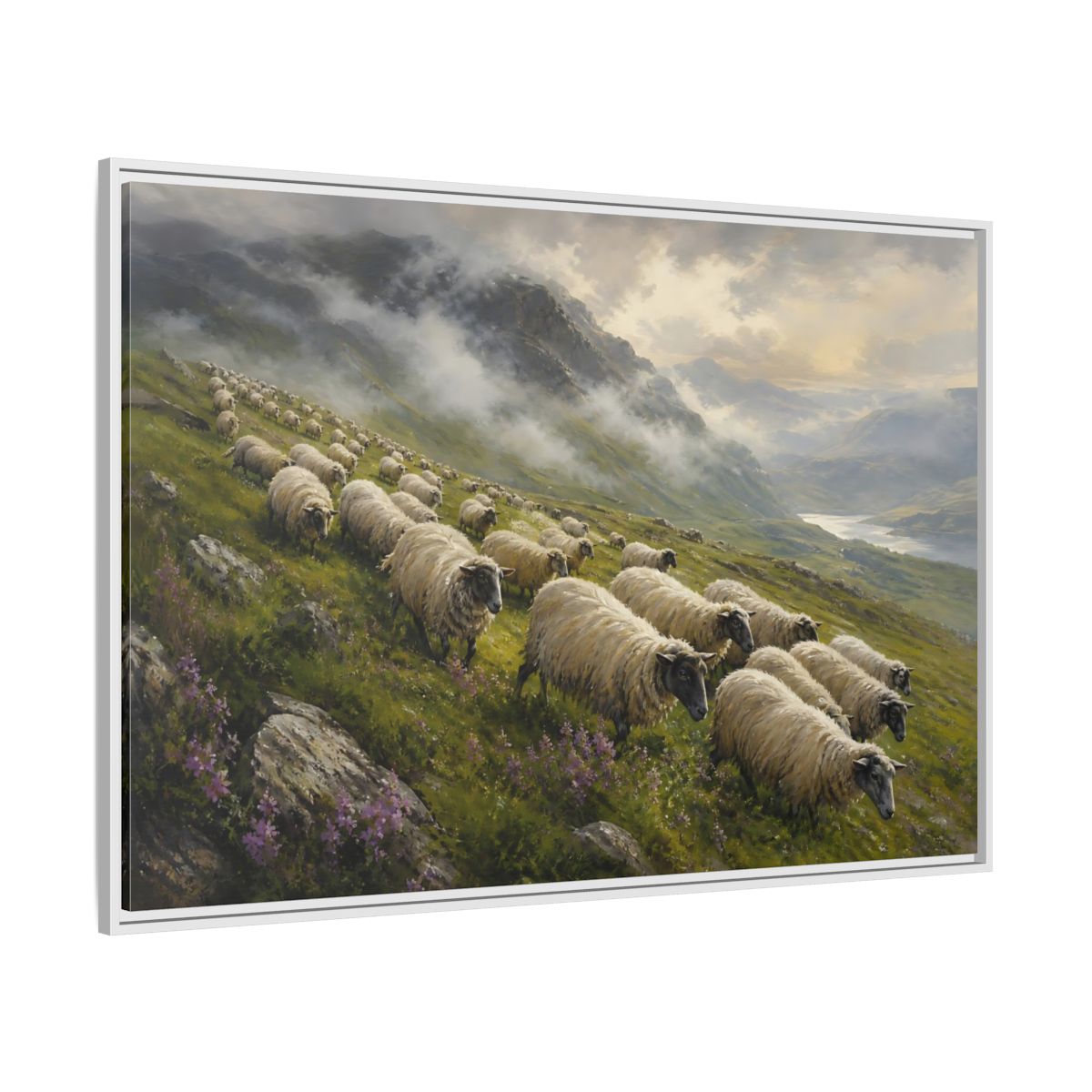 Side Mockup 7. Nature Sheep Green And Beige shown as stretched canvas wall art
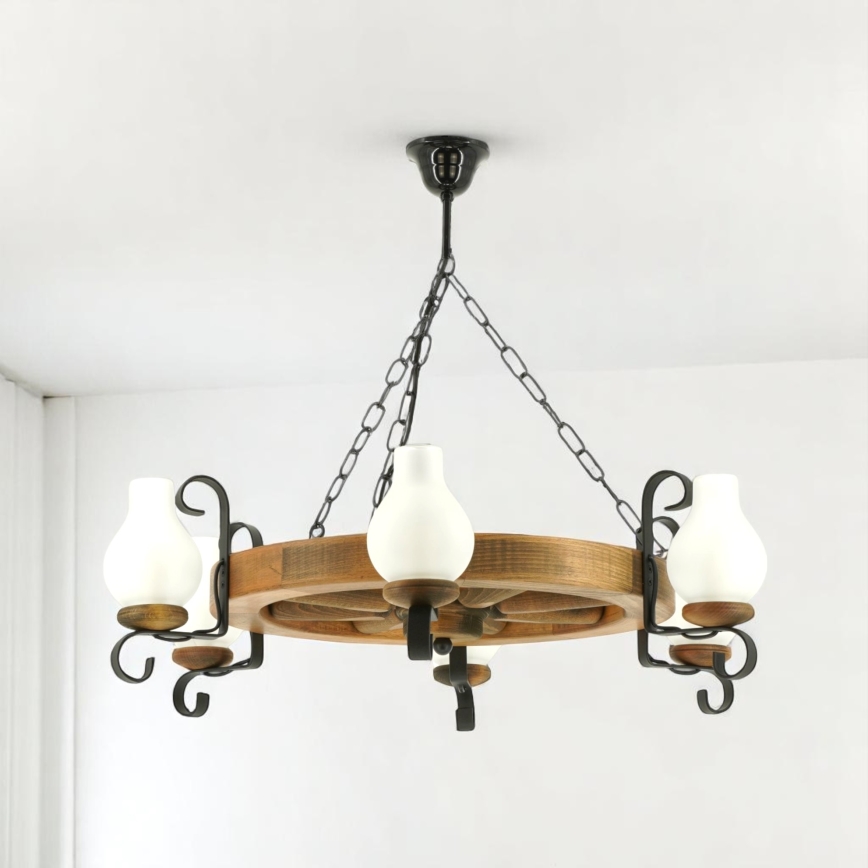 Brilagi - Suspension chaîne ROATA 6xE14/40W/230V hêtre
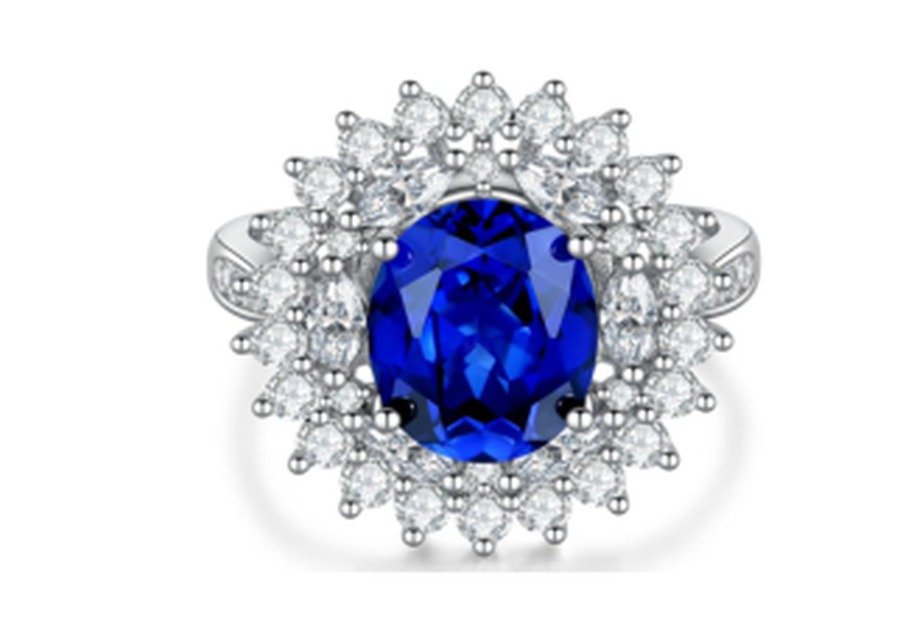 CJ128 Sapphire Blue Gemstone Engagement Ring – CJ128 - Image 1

------------------------------------

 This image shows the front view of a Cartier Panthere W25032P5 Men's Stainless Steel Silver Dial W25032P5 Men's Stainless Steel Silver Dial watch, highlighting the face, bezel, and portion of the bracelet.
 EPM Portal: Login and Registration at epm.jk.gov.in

------------------------------------

EXERCISE OBJECTIVE:
Look above for the line with "Brilagi - Suspension" and the line with "CJ128 Sapphire Blue", then copy them and all lines in between exactly as written, and only those, without any pictures.

RESPONSE:
 Brilagi - Suspension chaîne ROATA 6xE14/40W/230V hêtre
 CJ128 Sapphire Blue Gemstone Engagement Ring – CJ128 - Image 1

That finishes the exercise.